Since there is an immense variety of such contracts, it is obviously difficult to say sometimes into which category the contract falls, and that is productive of uncertainty. The Bill has adopted a line of thought developed by the Committee by enacting that in such circumstances the implied term should, in effect, once more be the common duty of care. I think that is the right way to deal with the problem.

I regret having to detain the House for so long at this hour but there was a great deal of matter to be explained, even in outline. I commend the Bill respectfully to the House as a useful step in the reform of the law, and I hope that the House will think it worthy of an unopposed Second Reading.

8.52 p.m.

Sir Lynn Ungoed-Thomas (Leicester, North-East)

After full and lucid explanation of the Solicitor-General, I need only detain the House a short time. We are in complete agreement with the right hon. and learned Gentleman, particularly with his observations about the substance of the Report of the Law Reform Committee and, indeed, about the way in which it has been presented. I am sure that the House is extremely grateful for such an amazingly lucid exposition of some very complicated law, and also for the strong and common-sense conclusion reached in the Report.

As the right hon. and learned Gentleman indicated, this Bill deals with liability of landlords and tenants of premises for damage caused by the state of the property. The different kinds of persons with whom it deals are those who are lawfully on the premises, including, in particular, what the law calls invitees and licensees. It does not deal with the case of trespassers, to which I will return before I sit down.

In the case of the two main categories of people lawfully on the premises to whom damage may result, there are two criticisms with which we are in complete agreement. The first is the criticism of the distinction in definition between these two categories. The sceond is the criticism of the standard of care required from these two separate categories of persons.

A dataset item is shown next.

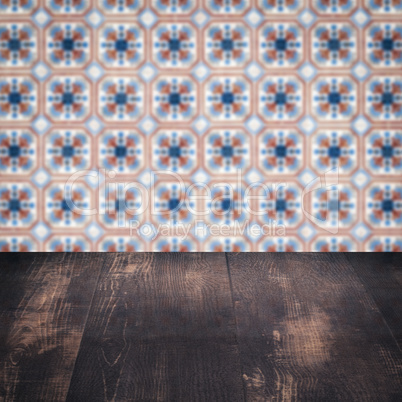 Wood table top and blur vintage ceramic tile pattern wall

The first point, the distinction in definition between them, is that in the case of the invitee the test is not, as one would expect, and as the Solicitor-General pointed out, whether the person was invited to the premises or not. Far from any such commonsense definition, the test is whether or not the occupier of the premises has, of all things, a material interest in the purpose of the visit.

The result is that if a person is invited to dinner and a crash occurs, in the case of the person invited to discuss a business matter or other, a higher standard of care is required than in the case of a person who is invited merely as a guest. That is contrary to all common sense, and we agree with the criticism made of this distinction between invitees and licensees.

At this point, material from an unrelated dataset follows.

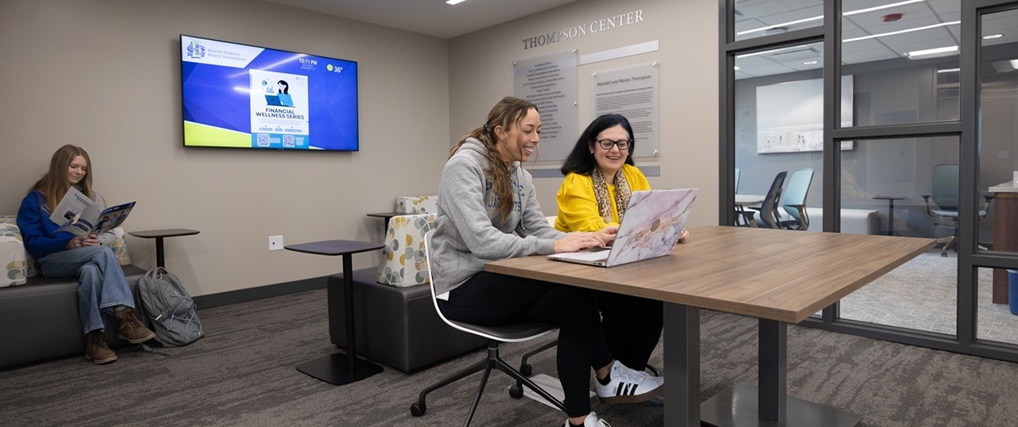 Student and professor looking at a computer with another student sitting in the background.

Then we have the different standards of care. I am not going into the definition of the different standards of care which has already been mentioned and can he referred to, if need be, in the Solicitor-General's speech. The ludicrous position of the development of the law is this. The law having spent years in making these distinctions between the invitee and licensee dependent upon the material interest upon the purpose of his visit, has then spent further years in whittling away the difference which it itself has made. At last we have got to a commonsense conclusion as the result of the Committee which was set up to consider the law about it.

Complications which have been piled on complications are not merely limited to this ludicrous distinction between invitee and licensee. We have all sorts of nice questions, as: who is an invitee and who is a licensee? Take, for instance, a person legally entitled to use premises provided for the use of the public. Take the classical case of a public convenience. One would have thought that in the case of a public convenience the local authority which provides it had a material interest in the public using the convenience for which it has provided and, therefore, that the person who gets there would be perhaps regarded as an invitee. But not a bit of it, he is regarded as a licensee.

On the other hand, if a person is legally entitled to enter premises, such as a gas man, he is probably an invitee. If we have a person entering, under a contract, without any express reference in the contract to it, there seems to be a difference of view as to whether he is an invitee or a licensee. Certainly, if he is working in one part of the premises under contract and goes to another part of the premises not under contract, there may be a different standard applicable to him in the one case from the other.

This is really a piece of cheeseparing in the law which makes the whole position ridiculous. The measure of reform, and the approach of the Committee to the reform proposed to this ridiculous position in which the law finds itself is, we think on this side of the House, altogether admirable. What the Report says, in page 22, and lays down as the principle, is that …any measure of reform should aim at preserving real differences while removing useless complications. … That must be a principle which would commend itself to everybody.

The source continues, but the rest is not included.